Managed Compute
GPU Machine Types

GPU Instance Configuration

⚠️

This feature is currently in beta and may be subject to change.

Overview

Hatchet supports GPU-accelerated workloads using NVIDIA GPUs. This guide covers GPU configuration options, Docker setup, and available regions. For basic compute configuration concepts, please refer to the CPU Instance Configuration documentation.

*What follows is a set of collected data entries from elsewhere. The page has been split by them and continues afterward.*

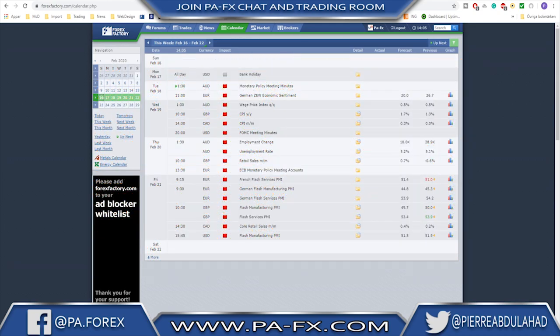Welcome back guys. As you see we have a lot of major impact events on the calendar. Monday is bank holiday in the US, so be aware of that — it's going to be a quiet session. Then we'll start the week with monetary policy meeting minutes for the Aussie, Wednesday wage price index Aussie as well, CPI for the sterling, CPI month-on-month for the CAD, and the FOMC meeting minutes. Later Thursday: employment change and unemployment rate from Aussie, retail sales for sterling.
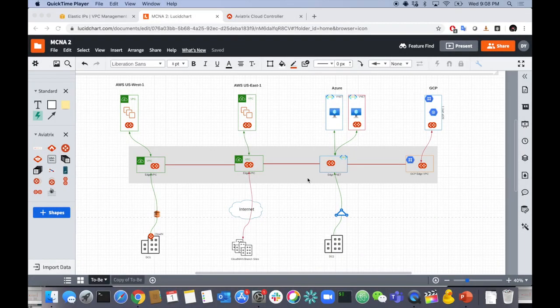We're back. This is episode four of my multi-cloud network architecture series. Before we move forward with today's tasks, I wanted to review what we did last week. We were building out a multi-cloud encrypted transit and basically a full mesh backbone across all these different cloud service providers and regions.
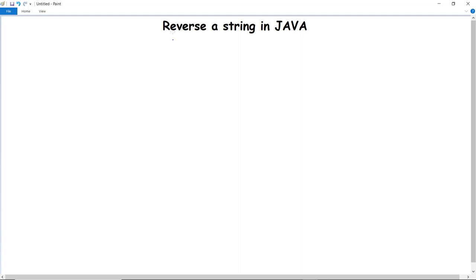In this video we are going to discuss how we can reverse a string in Java. There are many methods to reverse a particular string in Java, but we are going to discuss the most commonly used methods. The first method by which we can reverse a string is using the charAt method.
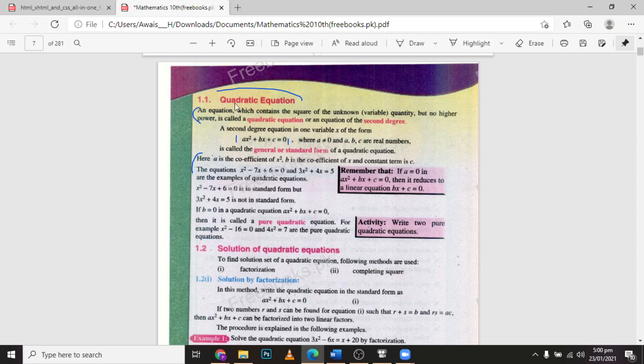Here is a live example of this equation. Here, a is the coefficient of x squared, b is the coefficient of x, and c is the constant term. For example, x squared minus 7x plus 6 equals 5 — these are examples of quadratic equations. In standard form: x squared minus 7x plus 6 equals 0.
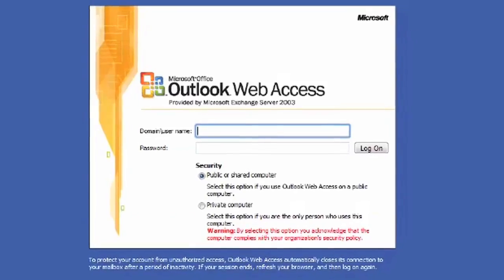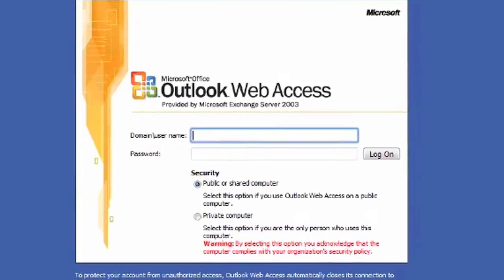My name is Bridget McGrath from MyAIOffice.com and you just learned how to access Outlook via the web.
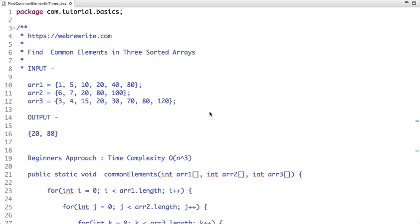Hello friends, in this tutorial I am going to explain how to find common elements in three sorted arrays. So for example, I have three arrays: array 1, array 2, and array 3, and the common elements among these three arrays are 20 and 80. This is my problem statement: given three sorted arrays, write a Java program to find the common elements among them.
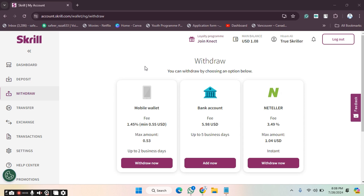Welcome back. In this video, I'm going to show you how you can add your mobile wallet details and connect your mobile wallet with your Skrill account for withdrawing amount.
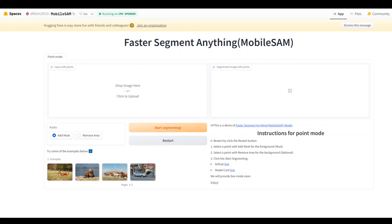Hello, in this video I'm going to introduce yet another very cool model. This model, Mobile SAM, is used for segmenting an image. Segmenting an image means, in very simple words, to pick out a segment or a portion of an image from a broader image.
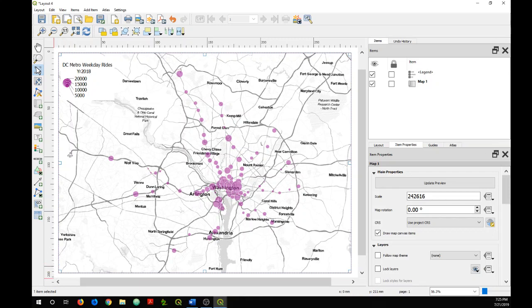And there you have it. A proportional symbol map.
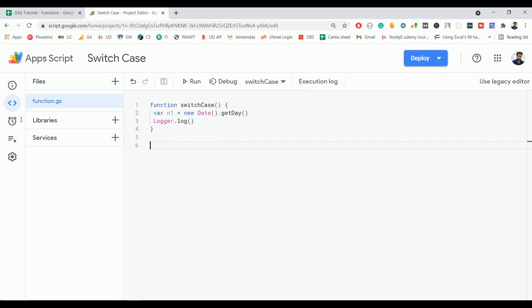In a switch case statement, you have to define one expression. That expression will be compared against each case one by one from top to bottom. If any of the case values matches with the expression, then that particular code block will be executed.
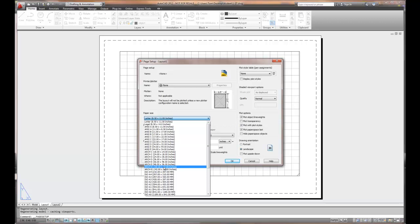So none will give you the most choices. Now you can see that we have ANSI, A, B, C, or architectural C, D, and E. And so you can choose either or, and this is paper sizes, basically metric English type sizes. We also have ISO sizes, which are the metric counterparts to the ANSI English sizes.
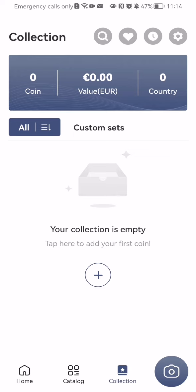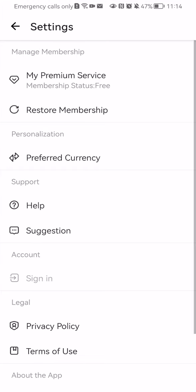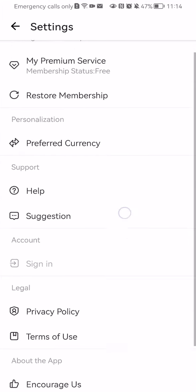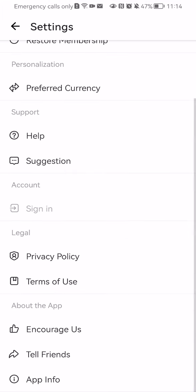Now you should look at the top right corner and there you will find the Settings. Press on it. Here you can just scroll all the way down and press on App Info.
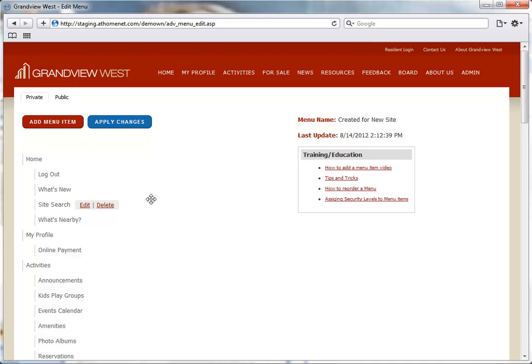You'll find some menu details over on the right, and links to training and education videos that will help guide you through your menu changes.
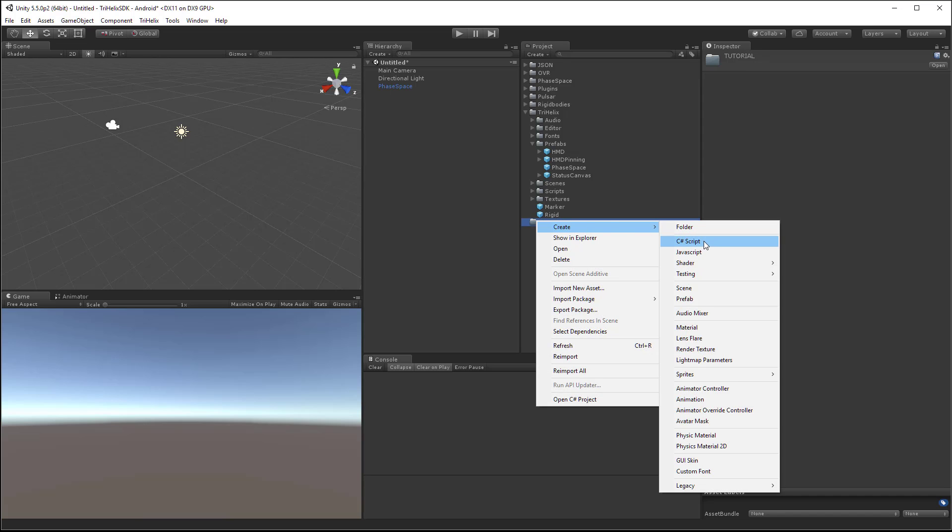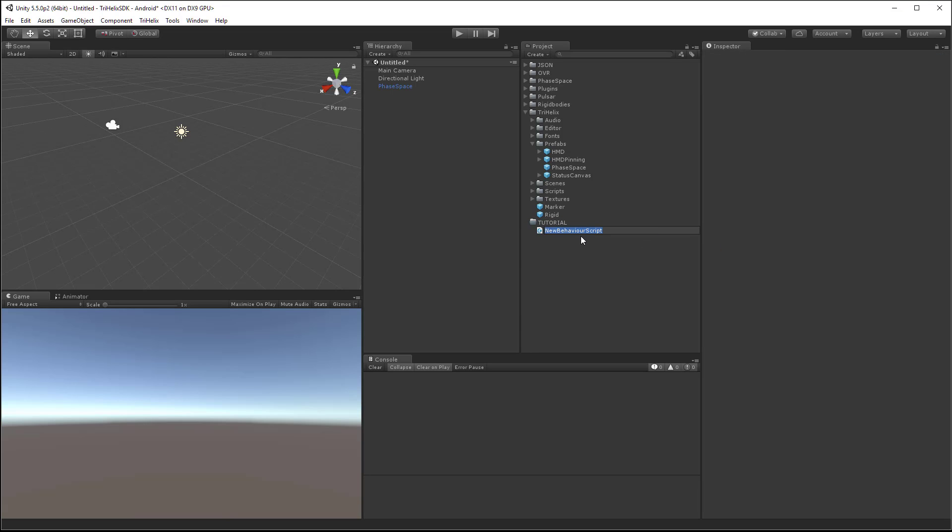Next, I will create an example script that shows the basics of accessing the XB input buttons.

GPU Types and Availability

Hatchet currently supports the following NVIDIA GPU types:

GPU ModelMemoryAvailable Regions
NVIDIA A1024GBord (Chicago)
NVIDIA L40S48GBord (Chicago)
NVIDIA A100-PCIe40GBord (Chicago)
NVIDIA A100-SXM480GBams (Amsterdam), iad (Ashburn), mia (Miami), sjc (San Jose), syd (Sydney)

Basic Configuration

from hatchet_sdk.compute.configs import Compute
 
compute = Compute(
    gpu_kind="a100-80gb",    # GPU type
    gpus=1,                  # Number of GPUs
    memory_mb=163840,        # Memory in MB
    num_replicas=1,          # Number of instances
    regions=["ams"]          # Must be a region that supports your chosen GPU
)

Docker Configuration

Example Dockerfile

# Base image
FROM ubuntu:22.04
 
# Install CUDA and required libraries
RUN apt-get update && apt-get install -y --no-install-recommends \
    cuda-nvcc-12-2 \
    libcublas-12-2 \
    libcudnn8 \
    && rm -rf /var/lib/apt/lists/*
 
# Your application setup
WORKDIR /app
COPY . .
 
# Application entrypoint
CMD ["python", "worker.py"]

Best Practices for Docker for GPU Workloads

  1. Selective Library Installation
# DO NOT use meta-packages
# ❌ RUN apt-get install cuda-runtime-*
 
# ✅ Install only required libraries
RUN apt-get install -y \
    cuda-nvcc-12-2 \
    libcublas-12-2 \
    libcudnn8
  1. Multi-stage Builds
# Build stage
FROM ubuntu:22.04 AS builder
RUN apt-get update && apt-get install -y cuda-nvcc-12-2
 
# Runtime stage
FROM ubuntu:22.04
COPY --from=builder /usr/local/cuda-12.2 /usr/local/cuda-12.2

Usage in Workflows

from hatchet_sdk import Hatchet, Context
 
hatchet = Hatchet()
 
@hatchet.workflow()
class GPUWorkflow:
    @hatchet.step(
        compute=Compute(
            gpu_kind="a100-80gb",
            gpus=1,
            memory_mb=163840,
            num_replicas=1,
            regions=["ams"]
        )
    )
    def train_model(self, context: Context):
        # GPU-accelerated code here
        pass

Memory and Resource Allocation

Available Memory per GPU Type

  • A10: 24GB GPU Memory
  • L40S: 48GB GPU Memory
  • A100-PCIe: 40GB GPU Memory
  • A100-SXM4: 80GB GPU Memory

When configuring memory_mb, ensure it's sufficient for both system memory and GPU operations.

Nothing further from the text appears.